Столкновение в горах
Атакуя с двух сторон, от Санского Моста и от Босанской Крупы, и пробиваясь навстречу друг другу опасной подгрмечской дорогой, изобилующей поворотами да рвами, немцы и легионеры все теснее сжимали просвет на дороге, через который жители подгрмечских сел уходили в горы. Стоял сухой студеный февраль. Начало месяца, вторая неделя Четвертого наступления. В конце концов на дороге в течение почти трех дней свободным оставался только участок длиною семь-восемь километров, который днем долбила авиация, а ночью время от времени сотрясали снаряды из горной пушки. Через него то тут, то там в обоих направлениях пробирались крестьяне, сторожкие и пугливые, как зайцы; запоздавшие пользовались последним моментом, чтобы перебросить семьи на Грмеч, тогда как другие, пренебрегая опасностью, возвращались назад в села — прихватить кое-что из имущества, поначалу брошенного и смятении и спешке.
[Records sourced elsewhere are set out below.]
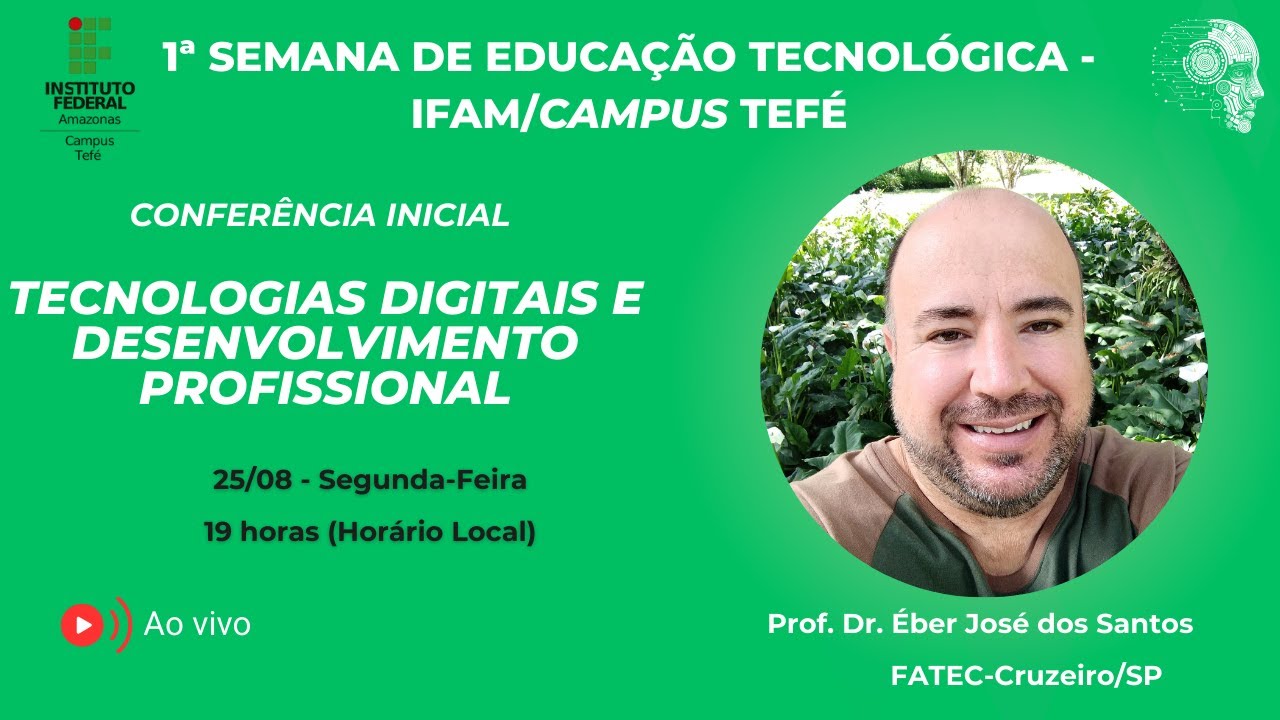 [1ª SETEC] - Abertura Oficial (Prof. Dr. Éber Santos)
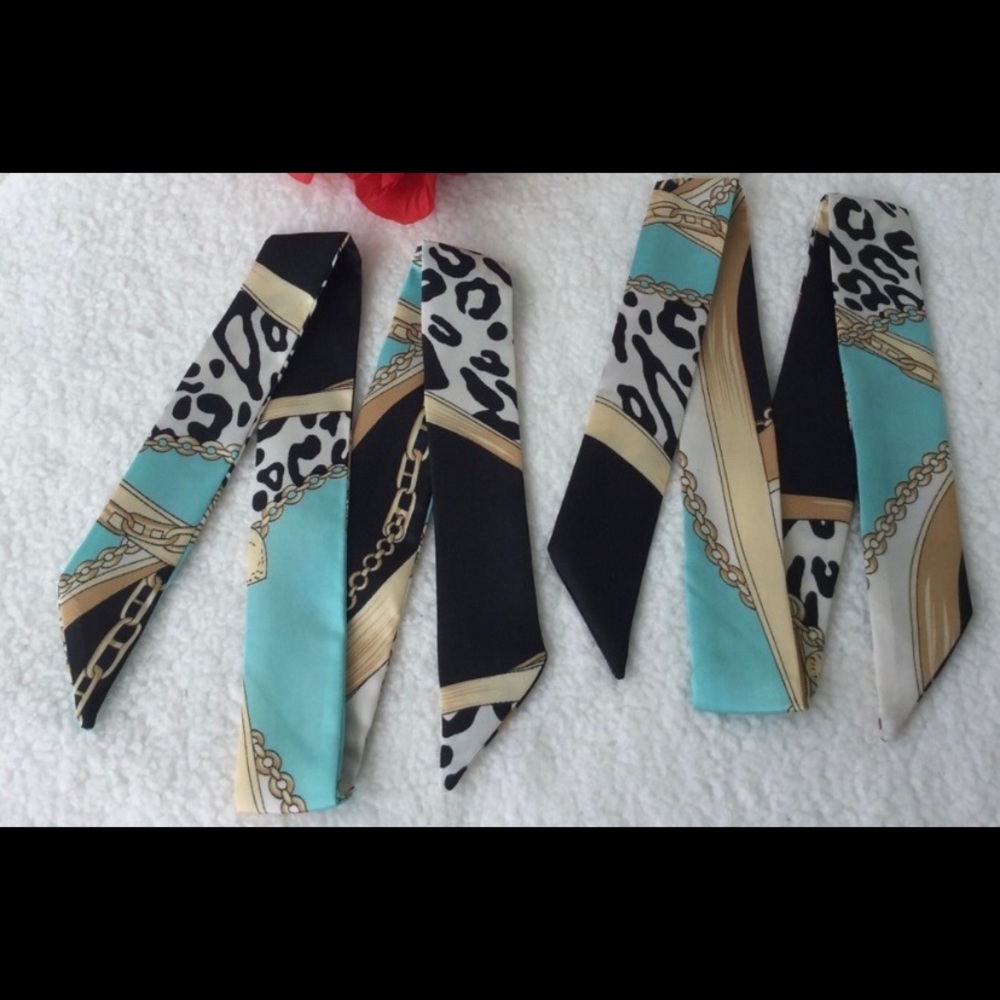 2pcs Twilly Scarves Handbag/ Handle Ribbon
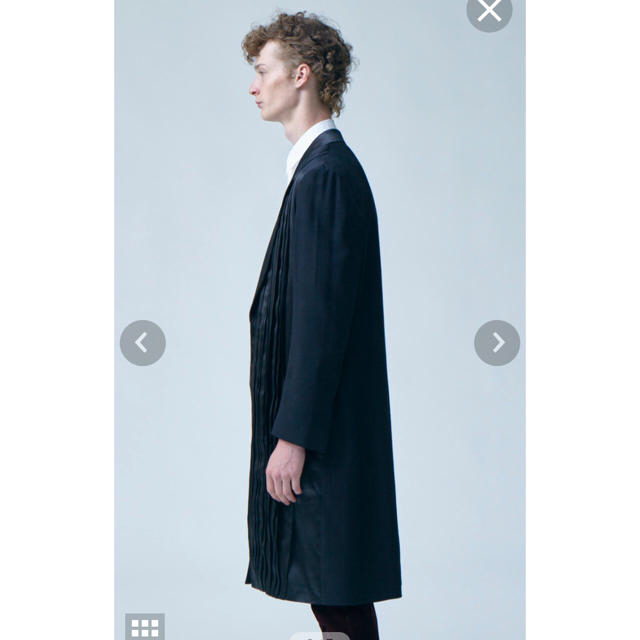 Paul Smith(ポールスミス)のPaul Smith 18AW ミックスアップ プリーツコート メンズのジャケット/アウター(チェスターコート)の商品写真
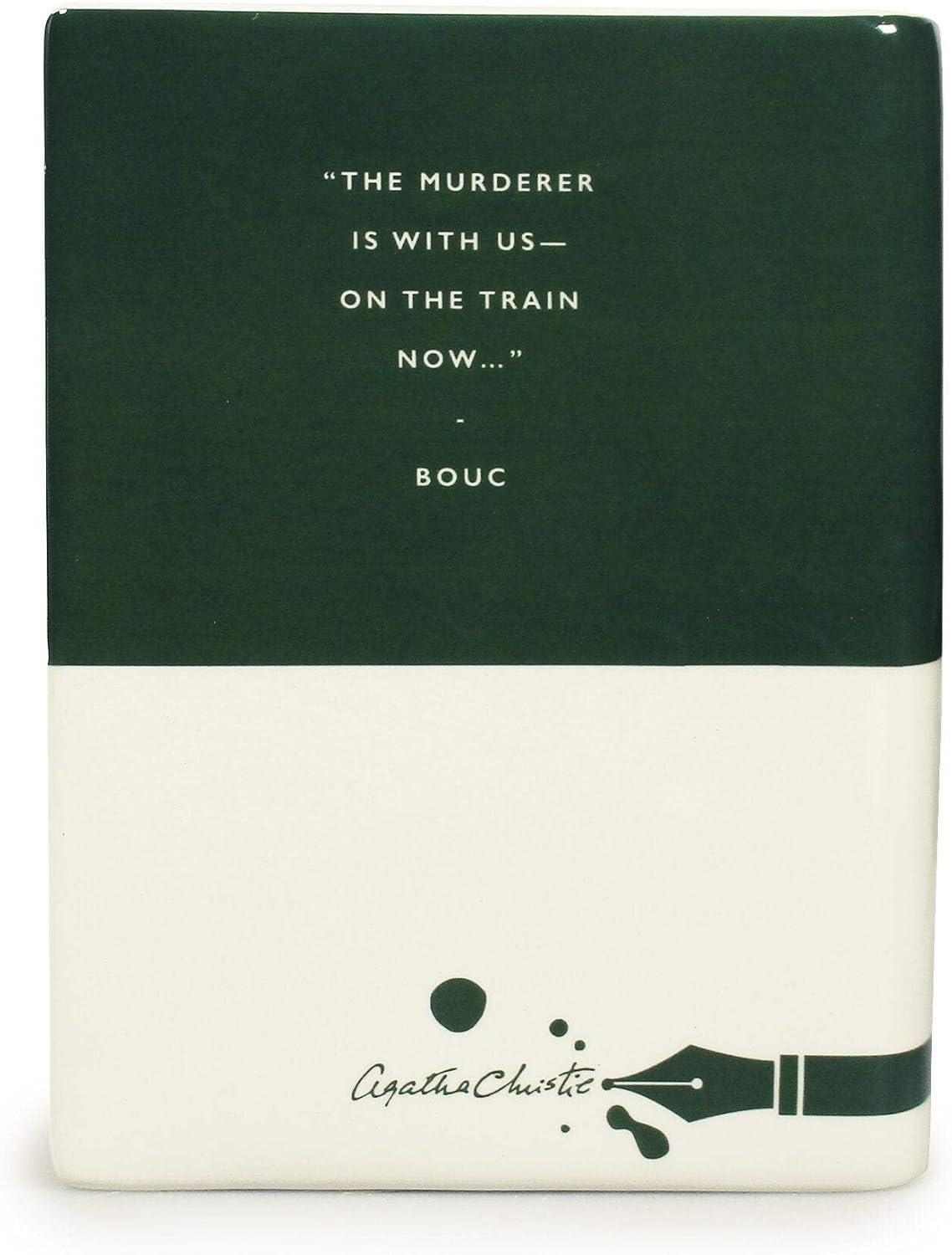 Half Moon Bay Murder on the Orient Express Book Vase | Murder On The Orient Express Book Shaped Flower Vase | Living Room Accessories & Ornaments For Living Room | Vases For Flowers & Decorative Books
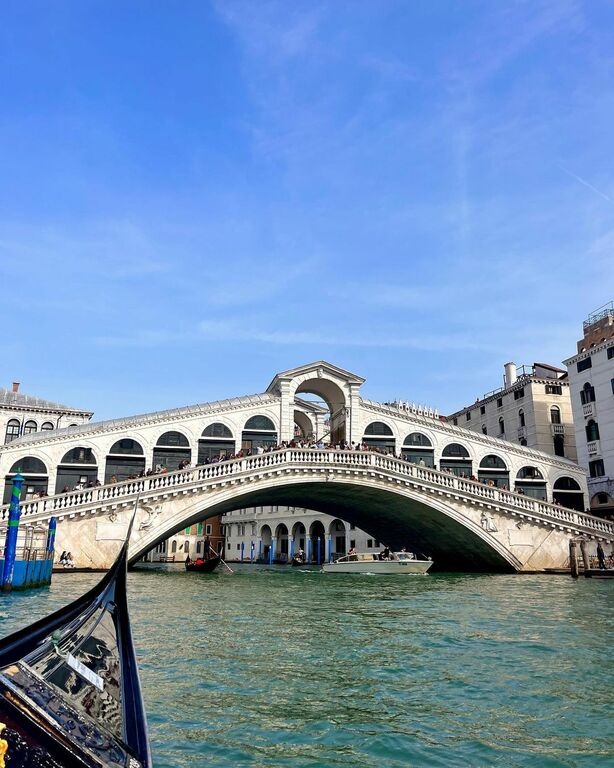 Gondola ride in Venice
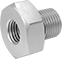 Image of Product. Female x Male. Front orientation. Pipe and Fittings. Low-Pressure Brass and Bronze Threaded Pipe Fittings, Straight Reducing Adapters with Gasket, Male, Female, Threaded Fitting Connection, Hex Body.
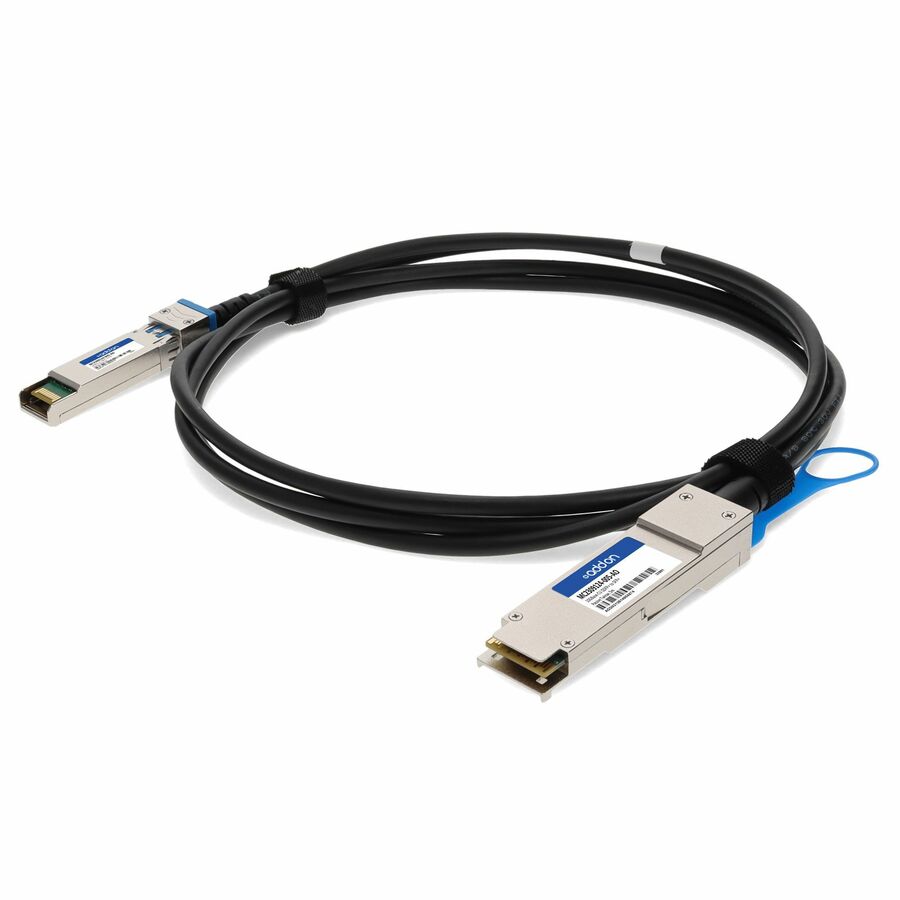 AddOn Mellanox MC2309124-005 Compatible TAA Compliant 10GBase-CU QSFP+ to SFP+ Direct Attach Cable (Passive Twinax, 5m)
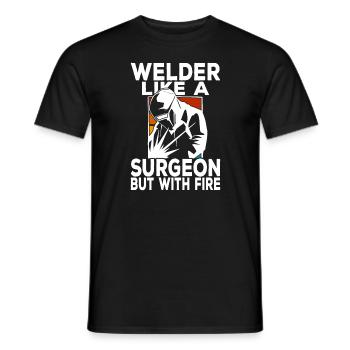 Soudeurs soudeurs - T-shirt homme - noir - Devant - AI Model Male 178 light (178cm)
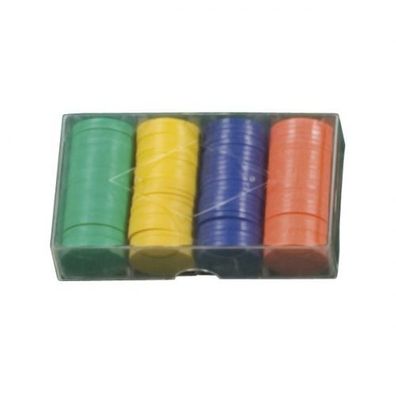 100 Spielchips in 5 Farben - 4g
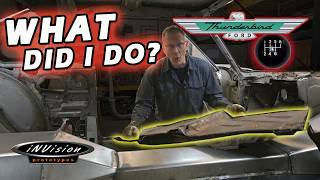 Hand-Built Tunnel Firewall & Floors - You Won’t Believe How Far Things Go - 1963 Thunderbird 6 Speed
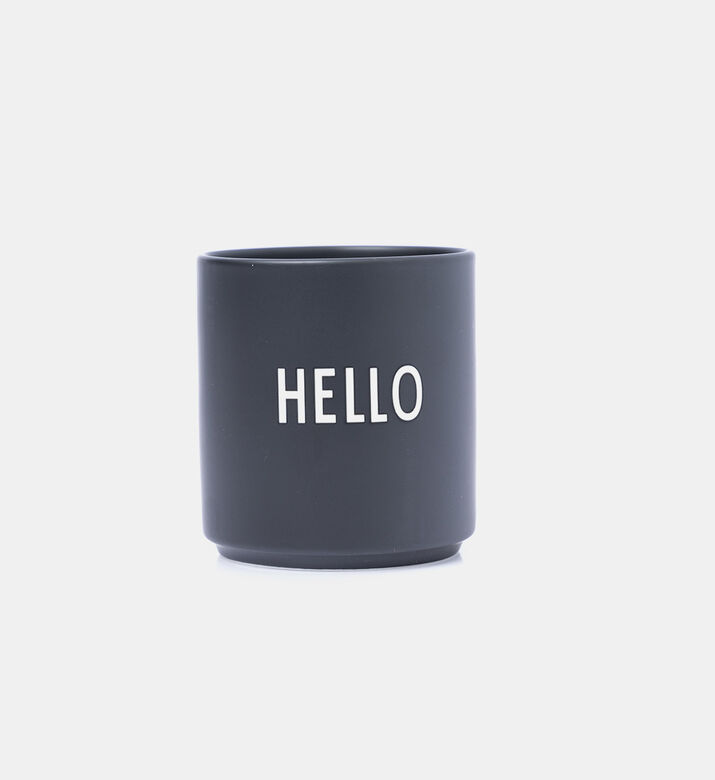 Paris Engraved Glazed Porcelain Mug 8 X 8.5 Cm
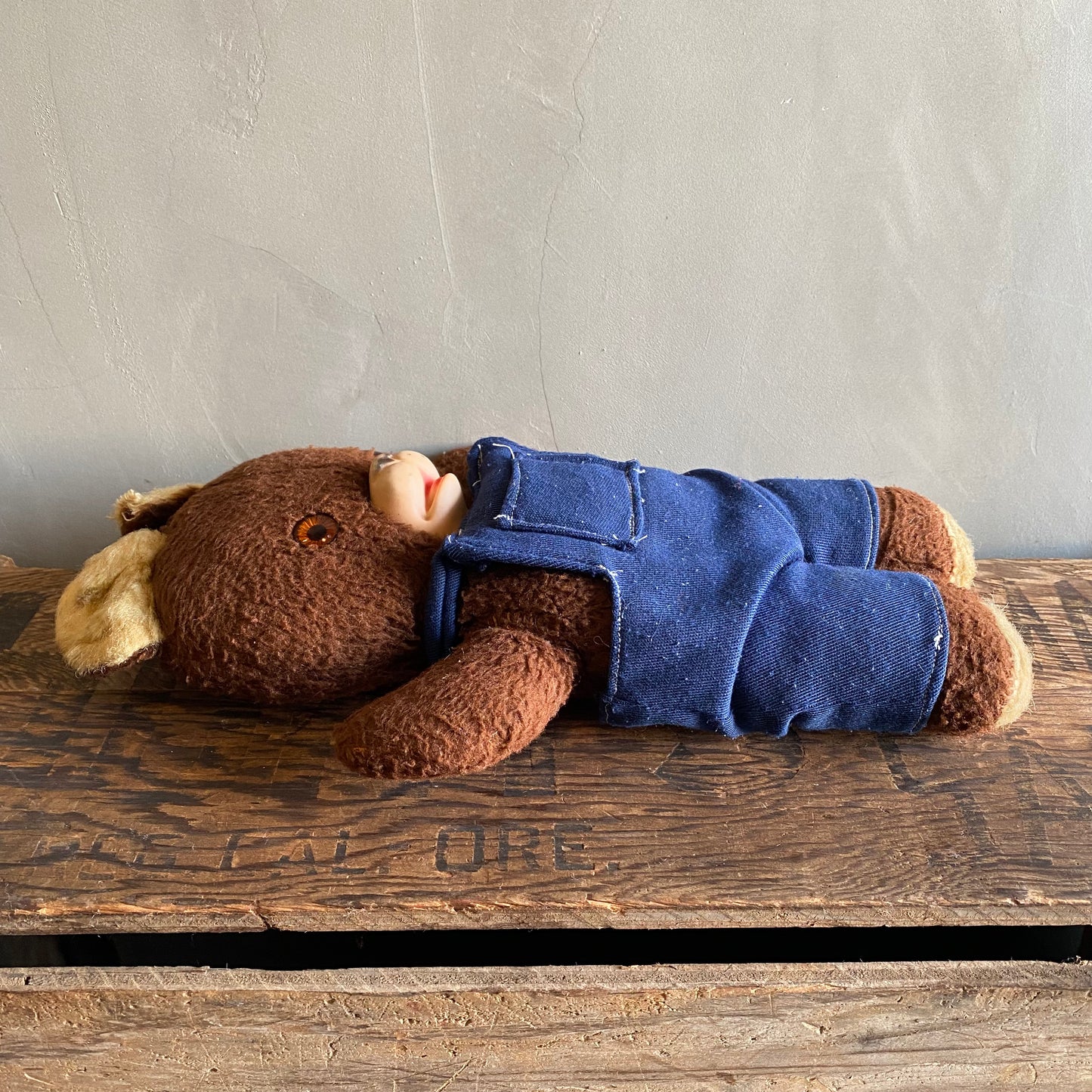 【USA vintage】rubber face bear くまのぬいぐるみ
После трехдневного затишья, получив подкрепление, противник на рассвете рванул вперед, разбил и отбросил слабые партизанские заслоны, сметая их с невысоких скал пулеметным и минометным огнем, и уже около полудням обе его колонны соединились у села Бенаковца, полностью овладев дорогой. Теперь все села были начисто отрезаны от Грмеч-горы. Двадцать тысяч беженцев и две партизанские бригады, Вторая и Пятая, оказались запертыми в безводных и глухих горах, скованных февральским морозом и покрытых слежавшимся снегом.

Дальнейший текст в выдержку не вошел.